Carolina's linebackers and secondary never once swallowed on Wake's arsenal of reverses and misdirection plays. Four handoffs on reverses netted nary a yard of production. Justice thwarted one reverse pass with a 10-yard sack. The Deacons' offense is too good to be shut down totally. They made good yards when their gifted young quarterback, Ben Mauk, got loose on the corners and when their equally talented tailback, Chris Barclay, does what he does best -- run hard and break tackles.
"I am really pleased with the way our kids played with discipline for the most part, with the exception of a couple of offside penalities," Bunting said. "They stayed at home, honored the reverse. We made good fits. We played the deep ball pretty well again.
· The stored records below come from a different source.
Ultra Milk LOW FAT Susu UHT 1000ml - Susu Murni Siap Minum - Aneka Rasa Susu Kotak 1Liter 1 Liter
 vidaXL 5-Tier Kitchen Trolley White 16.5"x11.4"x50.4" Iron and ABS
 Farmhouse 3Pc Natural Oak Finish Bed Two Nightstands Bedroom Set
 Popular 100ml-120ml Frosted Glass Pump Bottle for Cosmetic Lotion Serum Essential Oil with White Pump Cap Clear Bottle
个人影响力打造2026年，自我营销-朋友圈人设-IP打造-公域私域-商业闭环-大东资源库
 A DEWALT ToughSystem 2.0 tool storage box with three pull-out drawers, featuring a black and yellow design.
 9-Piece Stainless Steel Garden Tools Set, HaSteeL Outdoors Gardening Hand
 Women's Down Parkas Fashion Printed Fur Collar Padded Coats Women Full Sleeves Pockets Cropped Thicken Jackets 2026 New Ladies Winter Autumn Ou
I think Ced Holt and Jacoby Watkins as a twosome had their best games at cornerback."
The defense allowed Wake two consecutive scoring drives in the fourth quarter but stiffened at the end to allow the Heels to get the ball back for the winning score.
"We made a stand for ourselves," Justice said. "We said, `We need to do this as a defense,' and we made plays. That was the incentive. We had to made things happen."
Watkins certainly made something happen on that series, stopping Barclay on a third-down screen pass well short of a first down. "Jacoby tackled the best running back in the ACC in the open field," Bunting said. "That was huge."
Huge is a nice word for this team that so little was expected of back in August.
Beating Georgia Tech after six years of losing? Huge.
Beating N.C. State after two straight losses and after enduring such negative face-to-face comparisons among fans and media for so long? Huge.
Beating No. 3 Miami at home? Huge.
Beating Wake Forest, the darling also of fans and media under the Jim Grobe-led resurgence of late, after squandering a 14-point lead in the fourth quarter? Huge as well.
We're not talking ACC championship or BSC huge, of course. But in relative terms, this Carolina team with Darian Durant and Jason Brown in charge has loomed very large indeed.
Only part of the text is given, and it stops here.